[Caption-style text data]
++++++

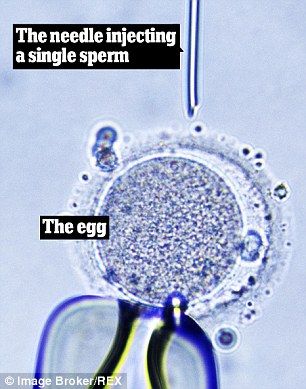 卵母细胞胞浆内单精子注射技术(ICSI)是一种稍微专业一些的试管婴儿技术。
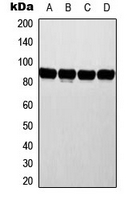 ATRIP Antibody - Western blot analysis of ATRIP expression in MCF7 (A); HeLa (B); NIH3T3 (C); rat liver (D) whole cell lysates.
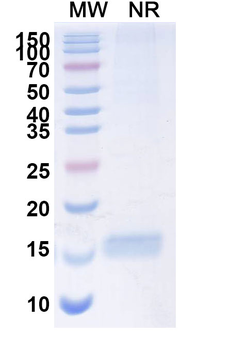 Human LGR4 Nanobody Antibody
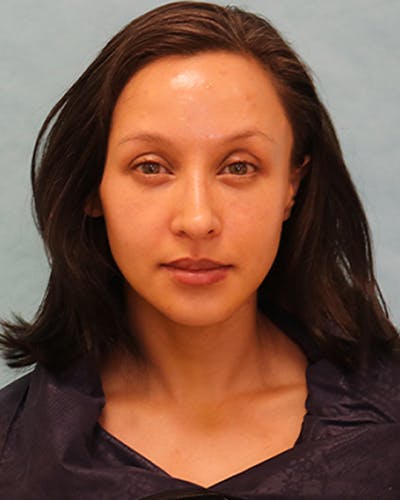 Chin Augmentation Before & After Gallery - Patient 242149 - Image 2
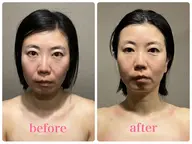 小顔100minコース1,500円体験👑【¥24,200▶︎¥1500】/イベント期間内のみ利用可能、口コミ必須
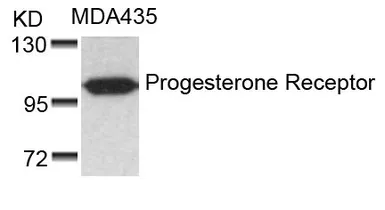Anti-Progesterone Receptor antibody used in Western Blot (WB). GTX50422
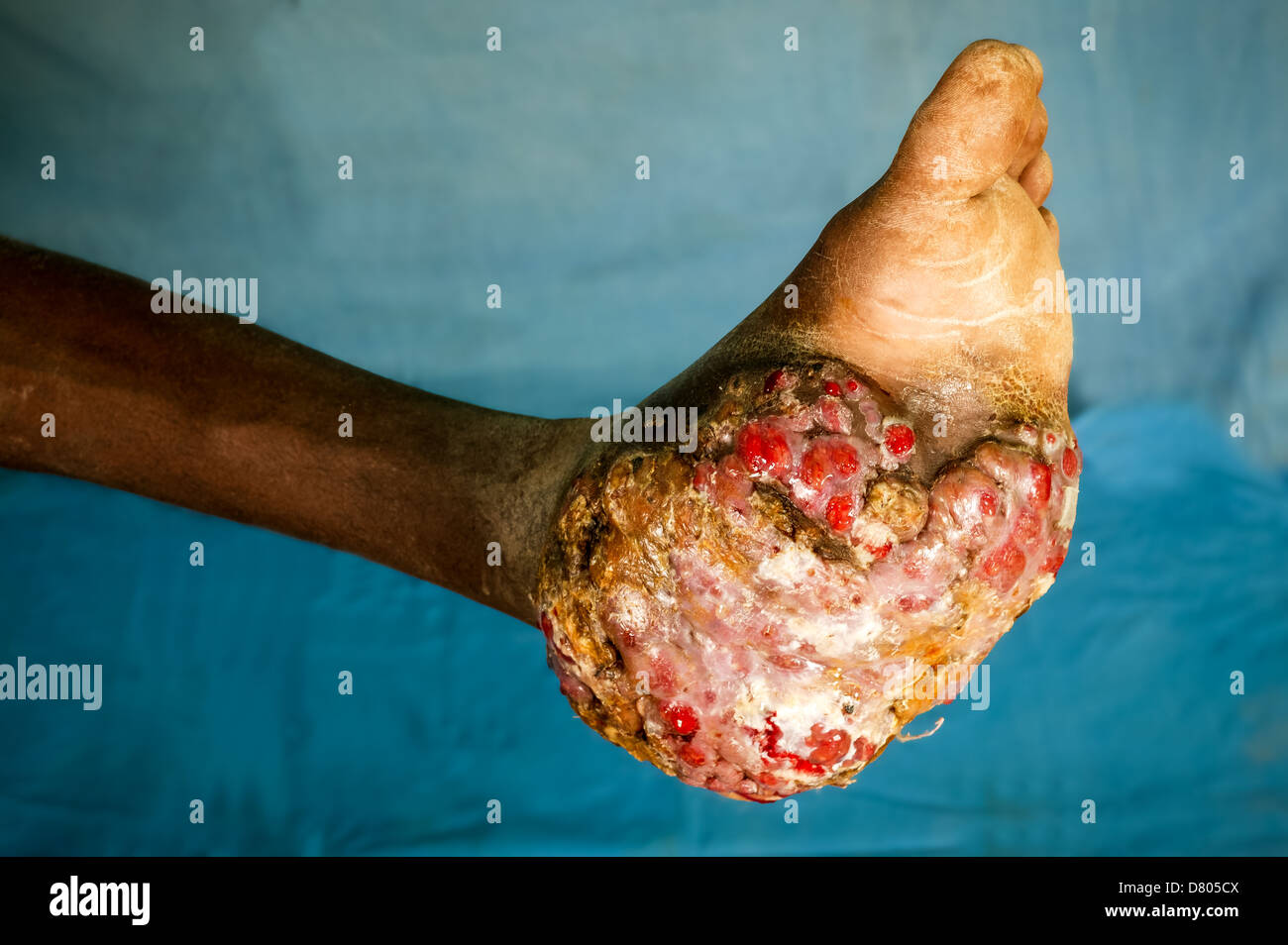 Schwere Eumycetoma des linken Fußes. Umfangreiche Schäden sind hier einsehbar. Stockfoto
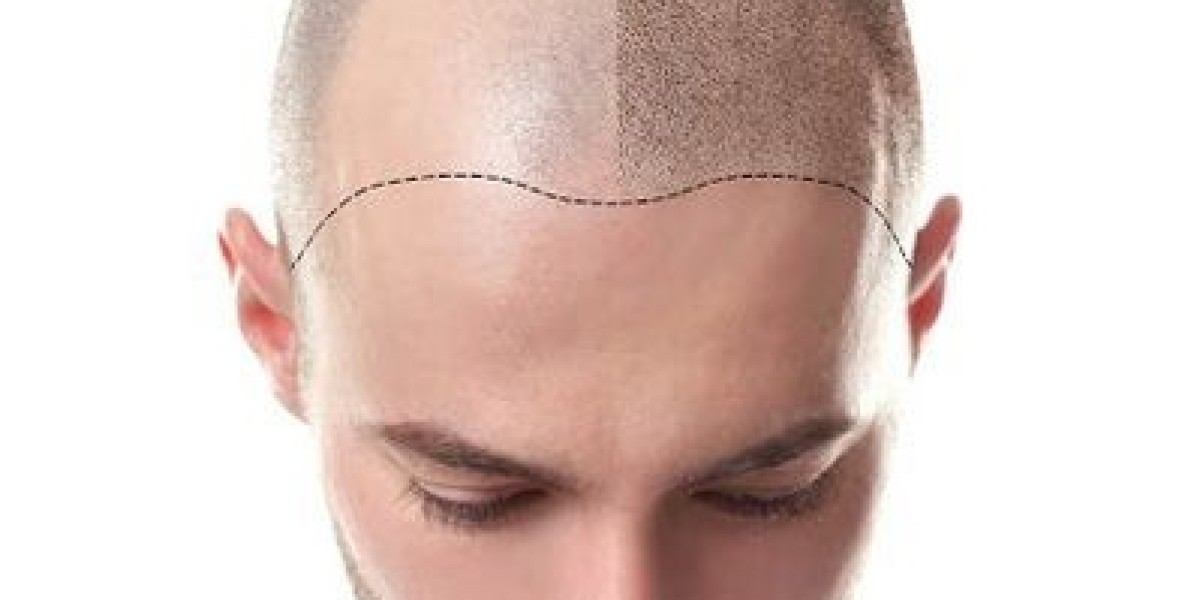 زراعة الشعر في الرياض: استثمار في مظهرك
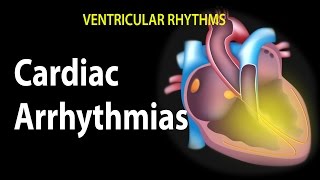 Cardiac Arrhythmias, Animation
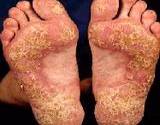 photo of severe case of psoriasis on feet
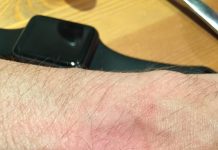 Apple грозит суд из-за аллергии на ремешки от умных часов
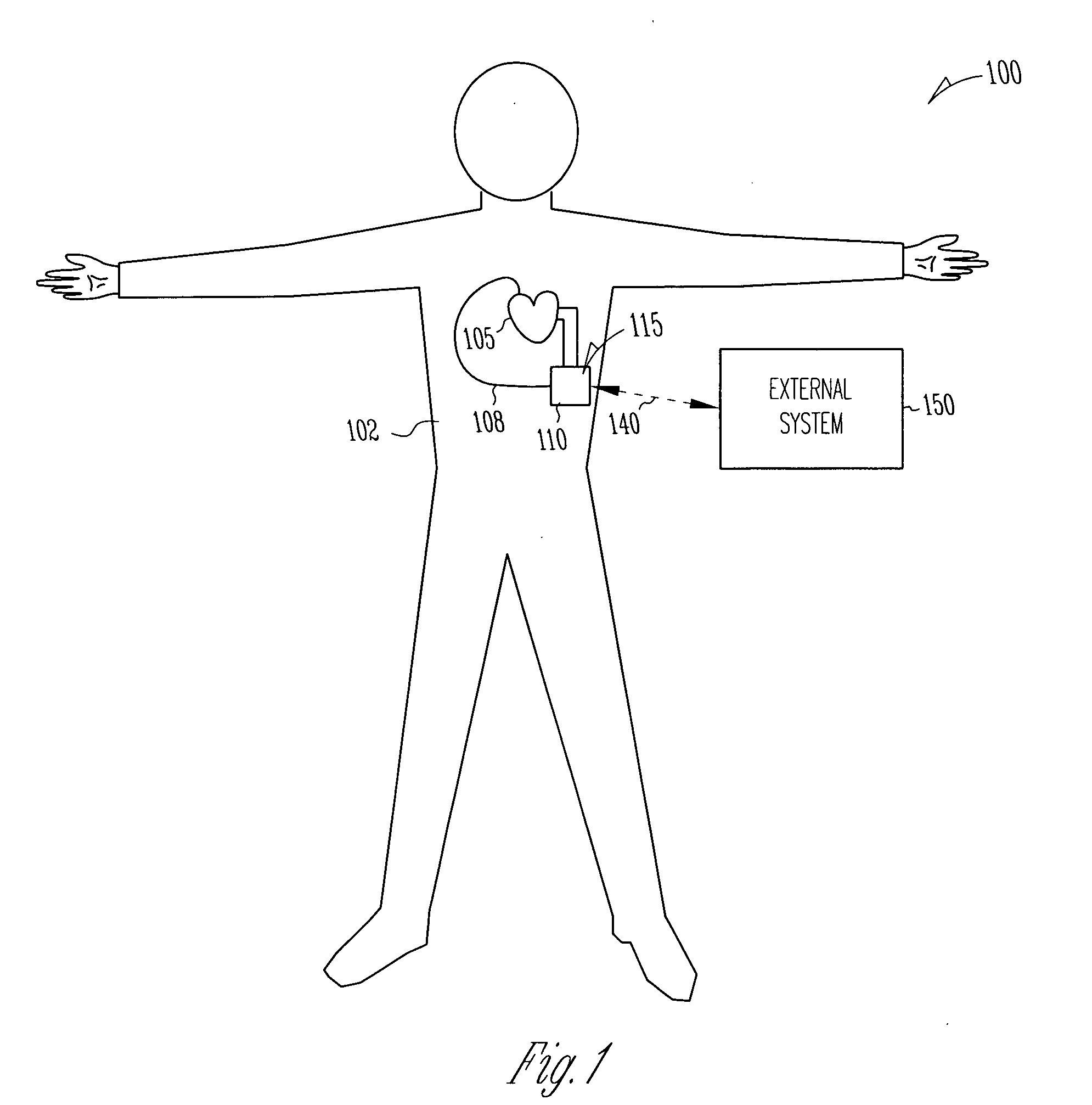 Method and apparatus for modulating cellular growth and regeneration using ventricular assist device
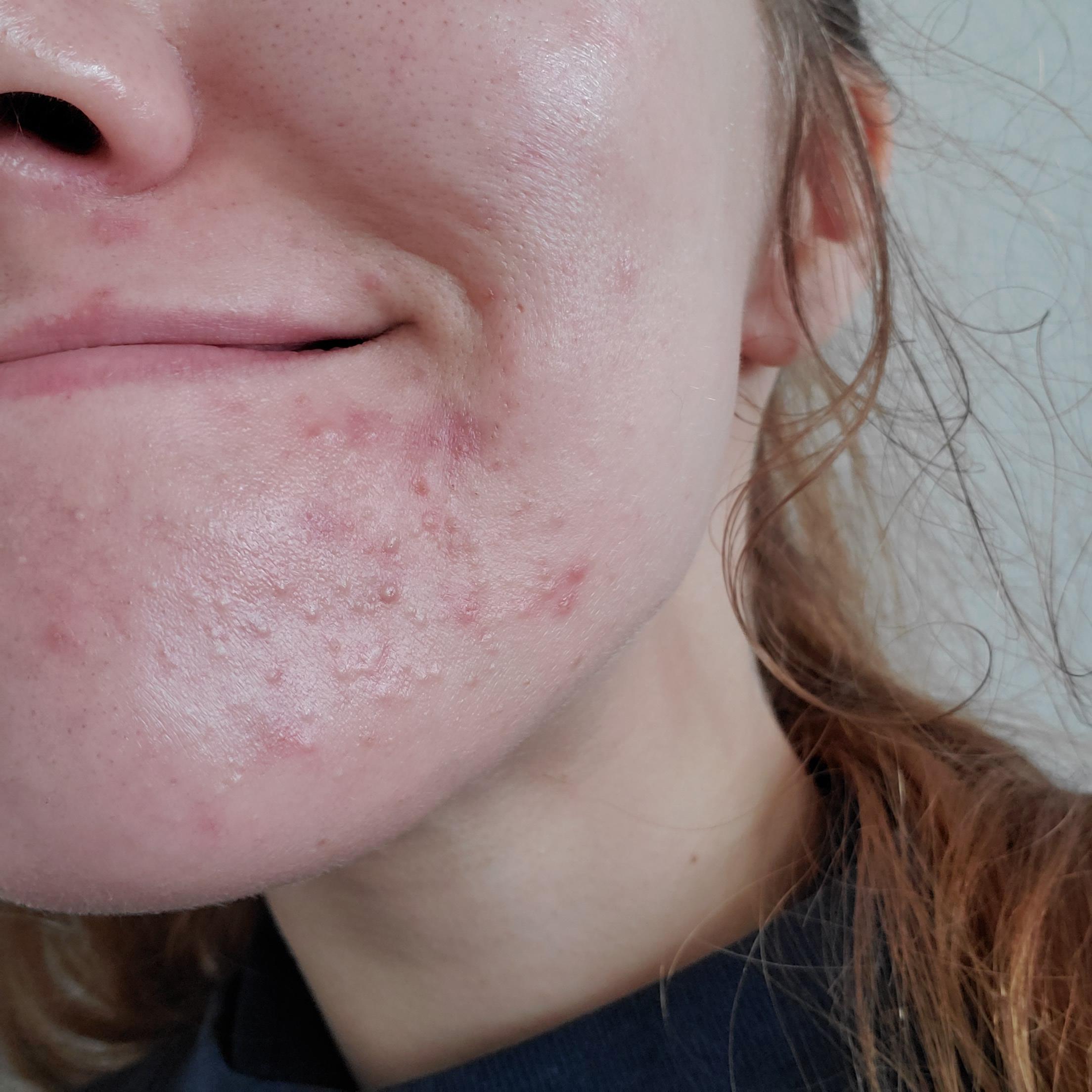 علت جوش های ریز صورت چیست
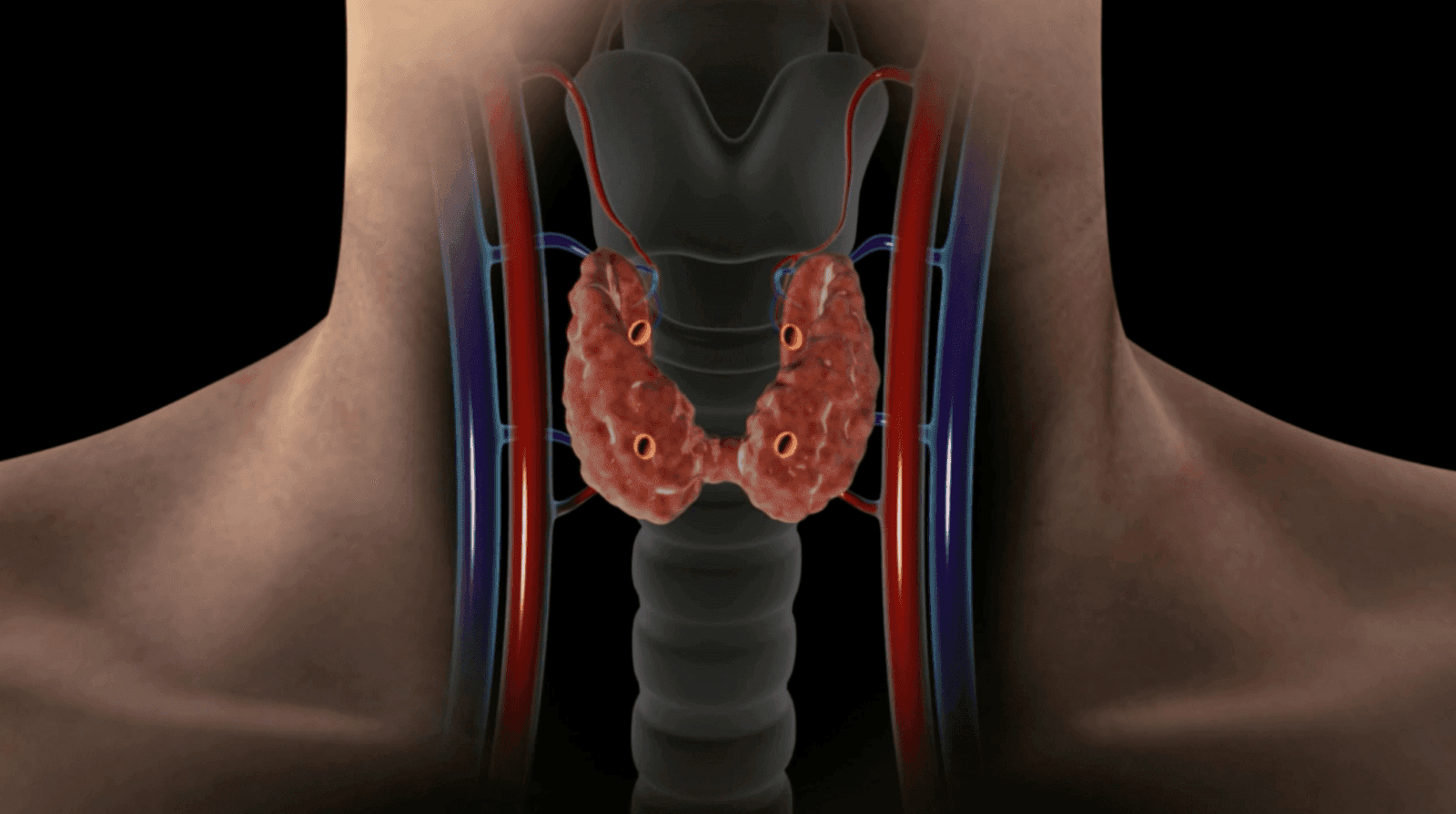 Thyroid Nodules & Cancer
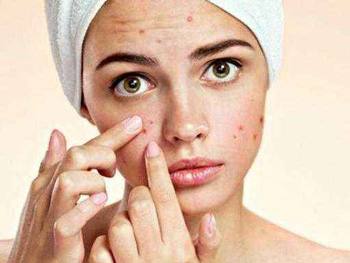 换季长痘痘什么原因持续多久，怎么办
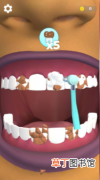 模拟经营类游戏假牙医生想要快速矫正牙齿的方法所在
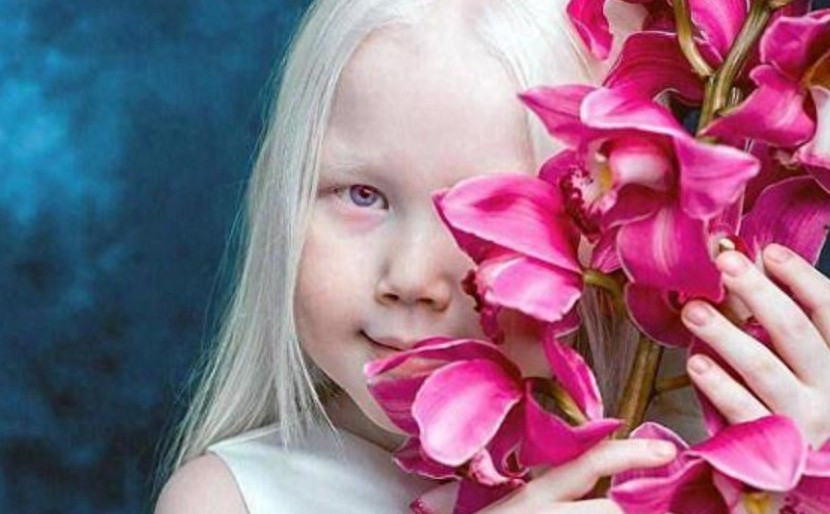 8岁小女孩患白化病,毛发和皮肤呈银白色,被称为“白雪公主”!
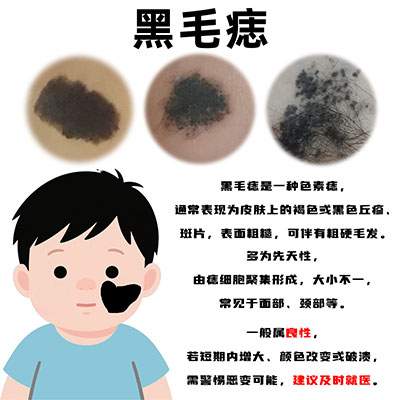 南京哪里可以看黑毛痣？黑毛痣是什么问题？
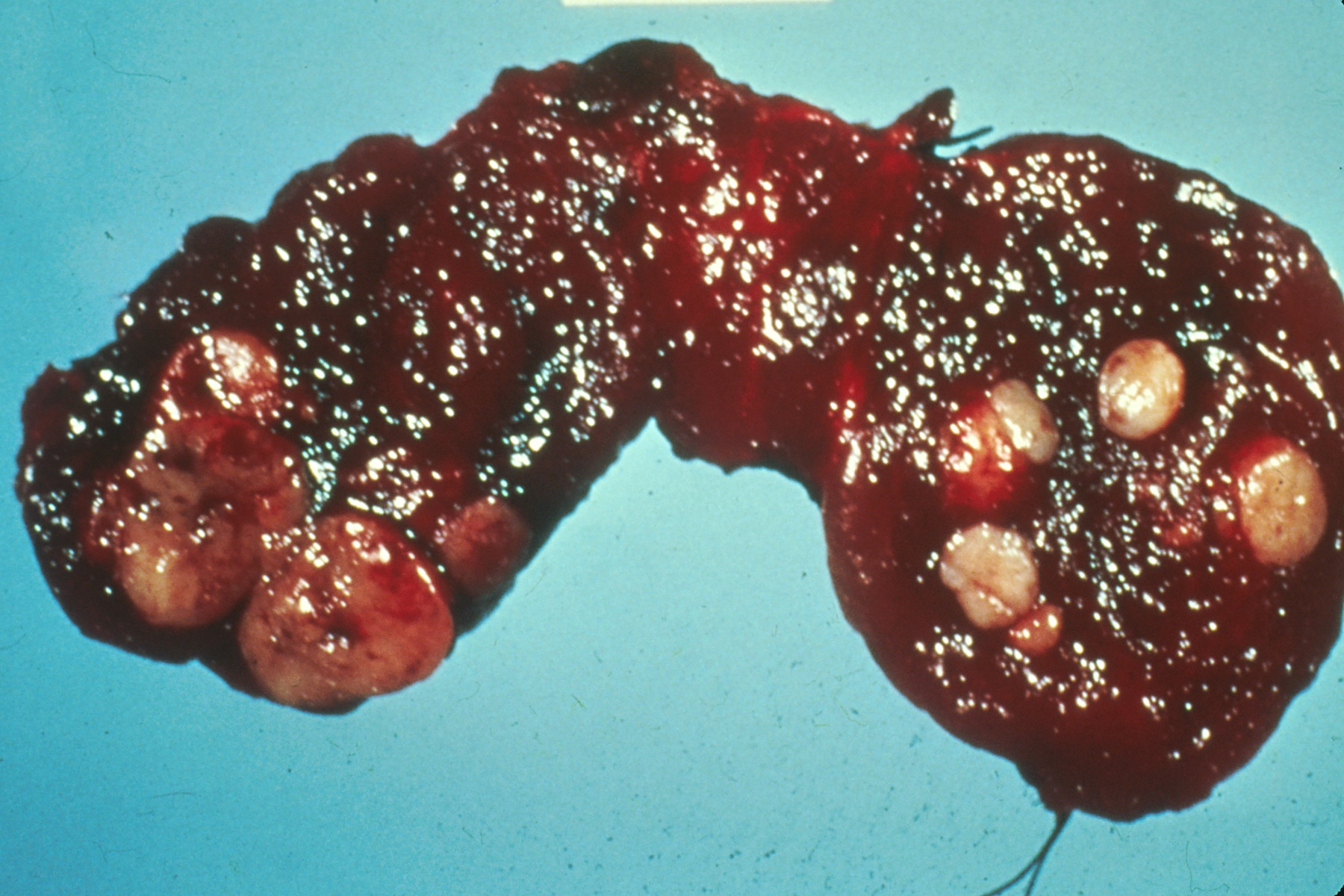 Peça macroscópica de tireoide humana com nódulos tumorais, mostrando a glândula seccionada e a relação dos nódulos com o parênquima.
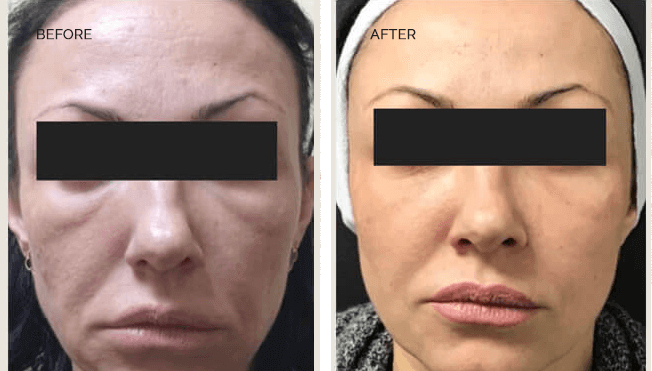 Sculptra Actual Patient Results - 03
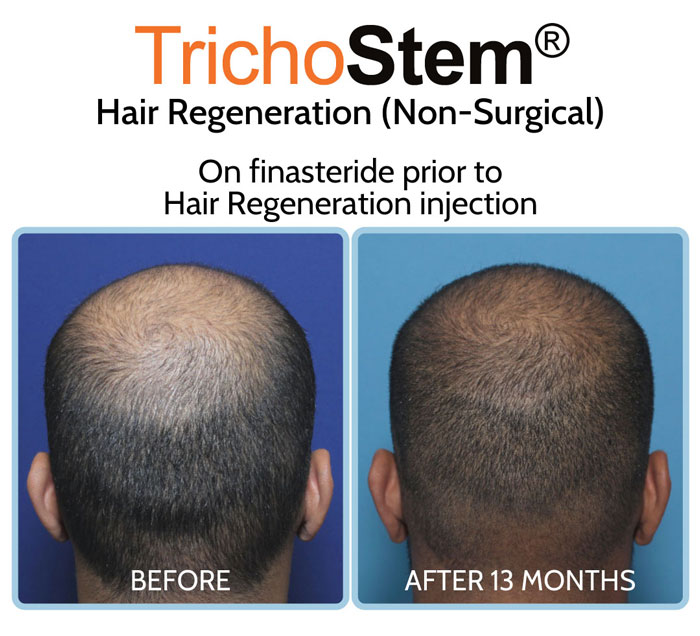 TrichoStem® Hair Regeneration before and after results on patient using finasteride prior to injection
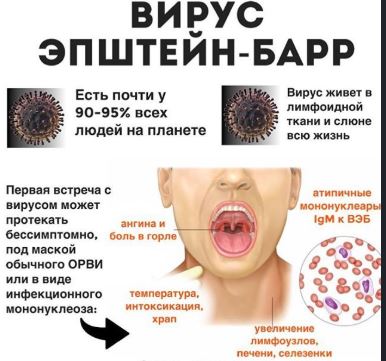 симптомы вируса Эпштейна-Барр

++++++

Extract, word for word, every line from the one containing "Cardiac Arrhythmias, Animation" to the end of the data above, both ends included, and leave out the pictures.

 Cardiac Arrhythmias, Animation
 photo of severe case of psoriasis on feet
 Apple грозит суд из-за аллергии на ремешки от умных часов
 Method and apparatus for modulating cellular growth and regeneration using ventricular assist device
 علت جوش های ریز صورت چیست
 Thyroid Nodules & Cancer
 换季长痘痘什么原因持续多久，怎么办
 模拟经营类游戏假牙医生想要快速矫正牙齿的方法所在
 8岁小女孩患白化病,毛发和皮肤呈银白色,被称为“白雪公主”!
 南京哪里可以看黑毛痣？黑毛痣是什么问题？
 Peça macroscópica de tireoide humana com nódulos tumorais, mostrando a glândula seccionada e a relação dos nódulos com o parênquima.
 Sculptra Actual Patient Results - 03
 TrichoStem® Hair Regeneration before and after results on patient using finasteride prior to injection
 симптомы вируса Эпштейна-Барр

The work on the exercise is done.